CORPO DE DANÇA DO AMAZONAS : DRAMATURGIA COREOGRÁFICA, AFETIVA E DE DENÚNCIA, PELA PRESERVAÇÃO DO LEGADO AMAZÔNICO

Corpo de Dança do Amazonas/CDA.TA - Como Ser Grande. Mário Nascimento/Direção Concepcional /Coreográfica. Junho/2025. Michael Dantas/ Fotos.


As primeiras abordagens, em dimensionamento sinfônico coreográfico, sobre a Floresta Amazônica foram de Heitor Villa-Lobos. Outros exemplos podem ser encontrados em criações posteriores de diversas companhias de dança brasileira, destacando-se, sem dúvida alguma, entre elas o Corpo de Dança do Amazonas.

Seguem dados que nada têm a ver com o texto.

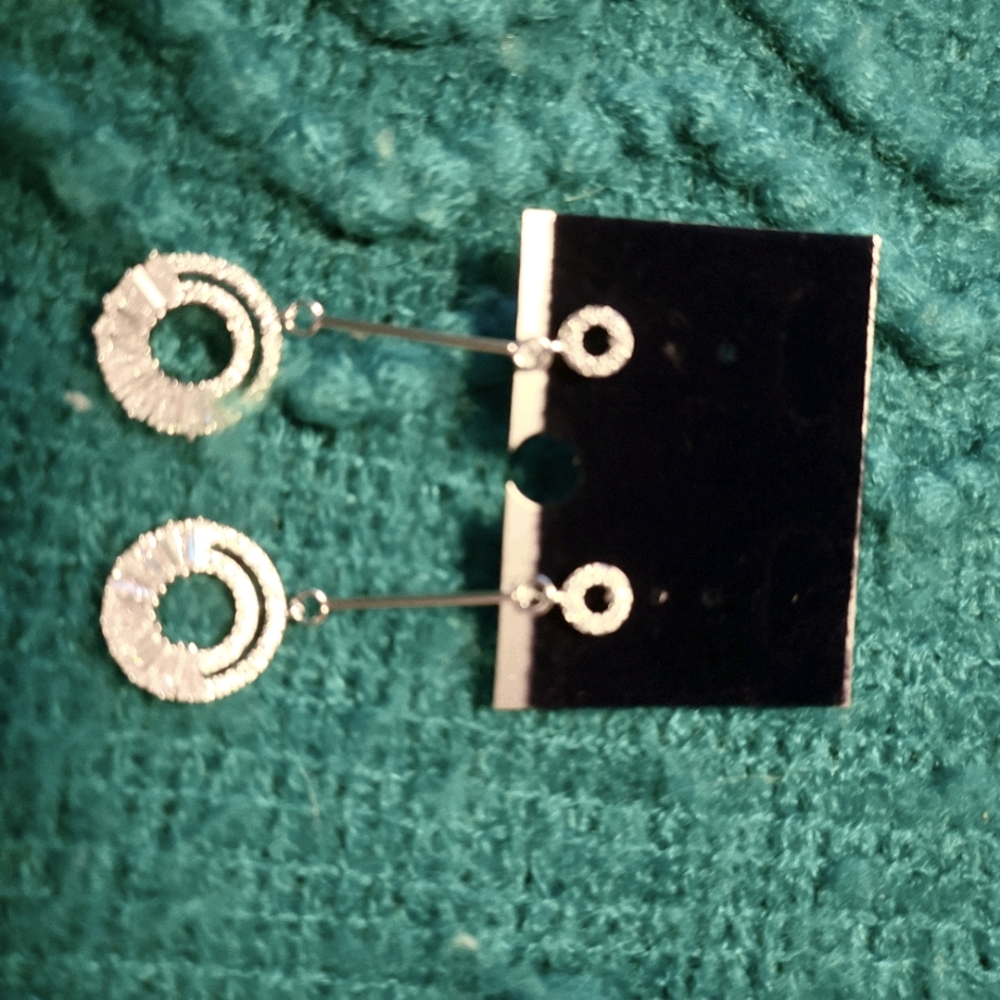 Pierced Earrings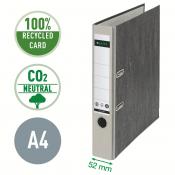 Classeur à levier Leitz 180° classique marbré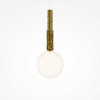 Подвесной светильник Maytoni Modern Orotte MOD520PL-01BS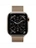 Умные часы Apple Watch S11 LTE 46 мм Gold Titanium Case with Gold Milanese Loop - S/M
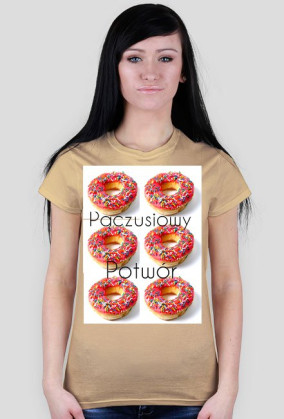 Pączkowy potwór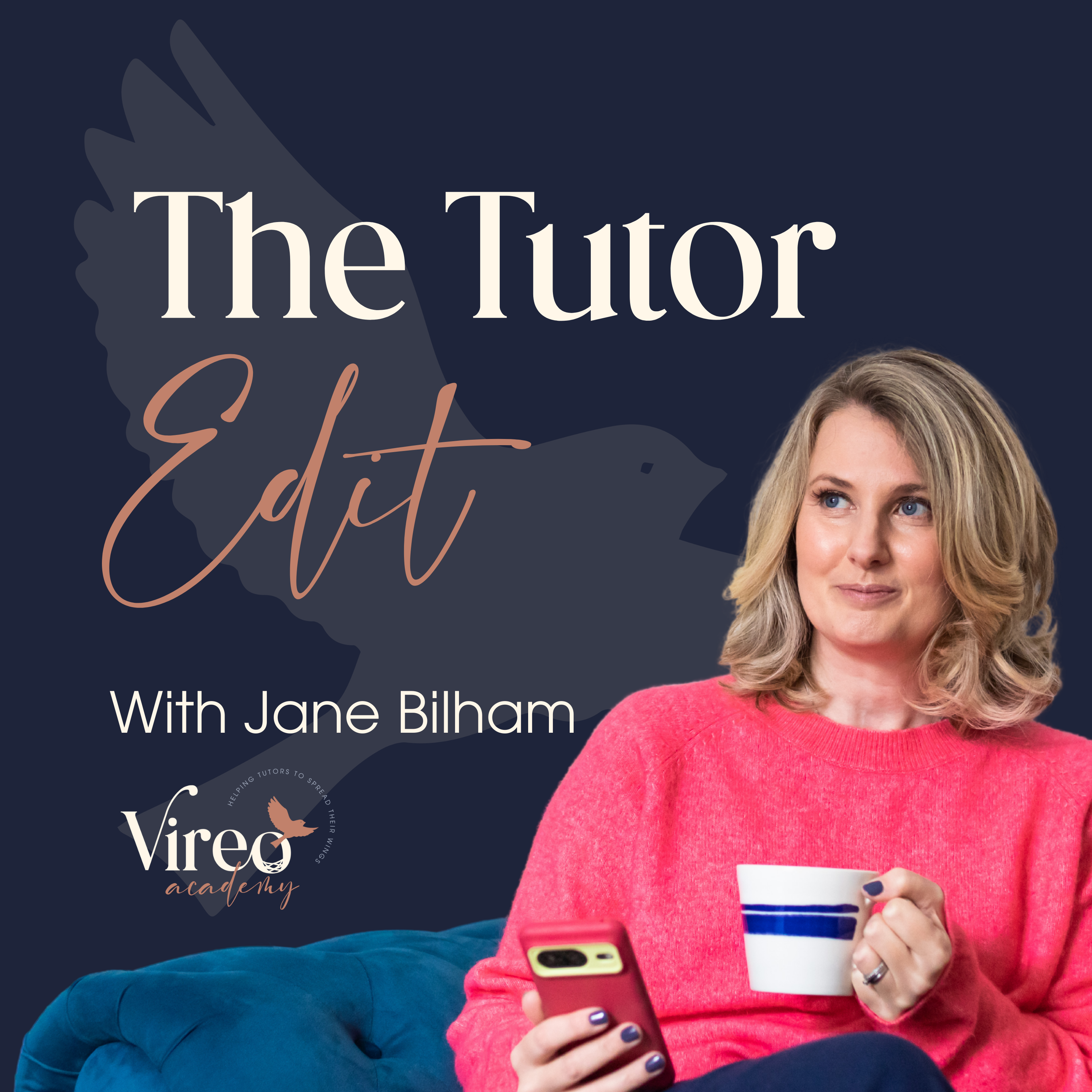 The Tutor Edit podcast artwork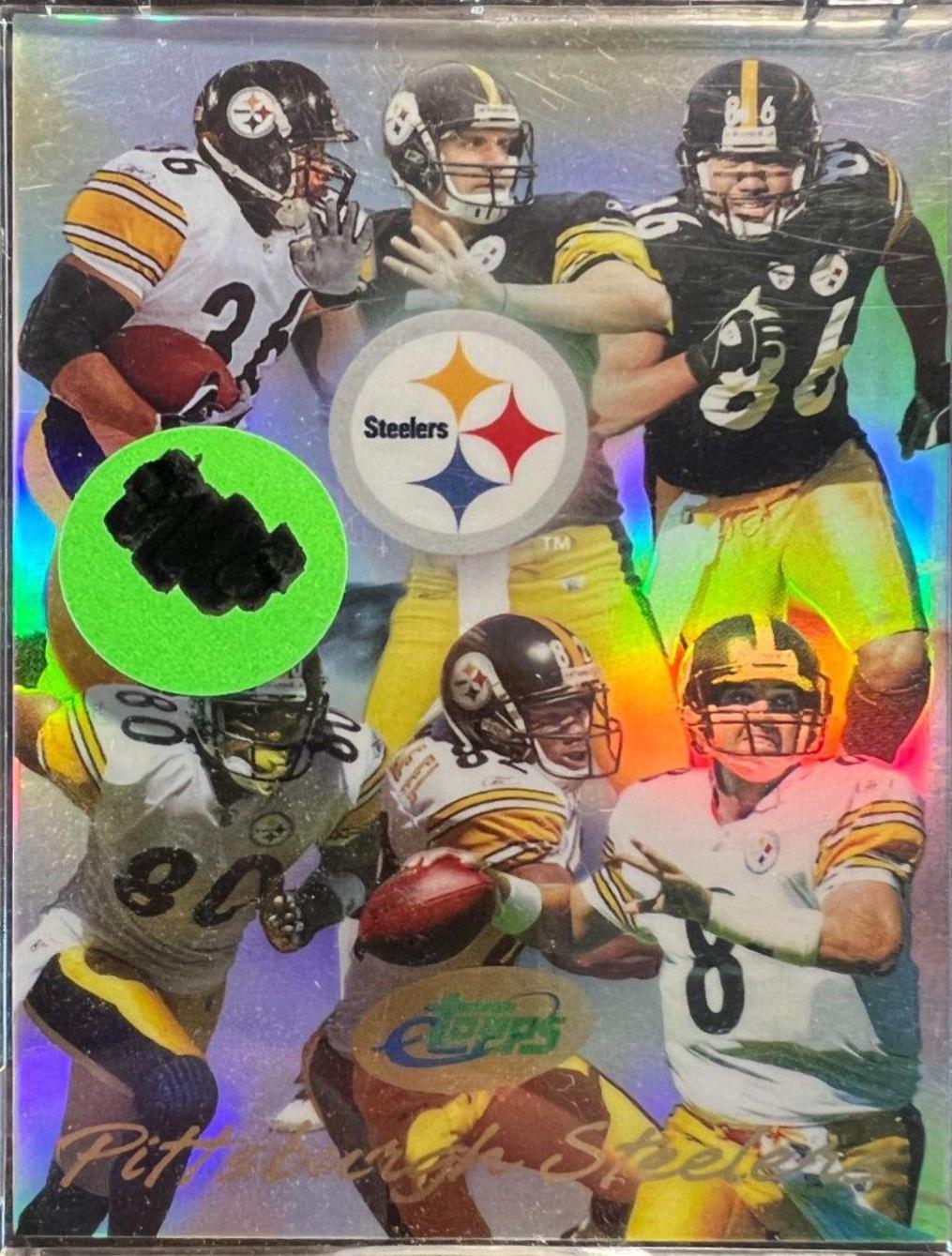 Pittsburgh Steelers #12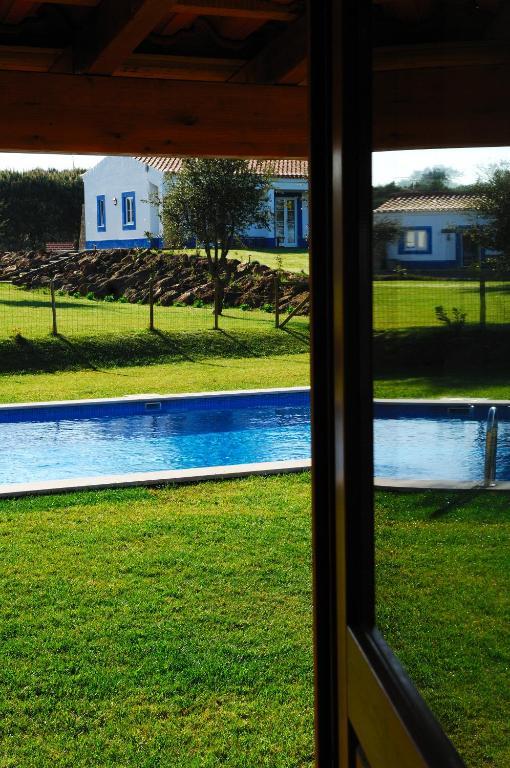 Monte Da Galrixa Villa Zambujeira do Mar Eksteriør billede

No desafio artístico e no empenho patriótico pela valorização do acervo ecológico-ambiental diante de tantos atos depredatórios, às vezes permissivos por grande parte de nossos congressistas na recusa do marco legal dos povos originários. Ou, então, da irrestrita e consentida exploração devastadora de sua foz e do seu acervo florestal, com a consequente poluição de suas águas e a dizimação de suas espécies vegetais e animais.

Diante de tudo isto quando é verificada a trajetória de 26 anos daquela que é a mais importante Cia de dança da Amazônia e do próprio Norte do país, não há como ficar em silêncio mas clamar bem alto por suas qualitativas características estéticas, contando com 22 aprimorados bailarinos, todos eles autóctones daquela região, incluindo parcela significativa de indígenas, ribeirinhos, negros, além dos LGBTQIAP+.

Enquanto no seu repertório prevalecem temas étnicos e regionais voltados não só à valorização da fauna e flora, mas estendendo-se à abrangência de narrativas míticas, das lendárias às históricas, sobre aqueles tão fundamentais povos originários, os nativos, ancestrais  e primeiros habitantes do território brasileiro.  


Corpo de Dança do Amazonas/CDA. Rios Flutuantes. Rosa Antuña/Coreografia. Junho/2025. Michael Dantas/Fotos.


Contando já há cinco anos com a exímia competência direcional e concepcional do coreógrafo mineiro Mario Nascimento que enriquece o repertório com obras originais de sua lavra, estando sempre aberto a contribuições de alguns nomes conceituados da dança contemporânea brasileira e internacional. 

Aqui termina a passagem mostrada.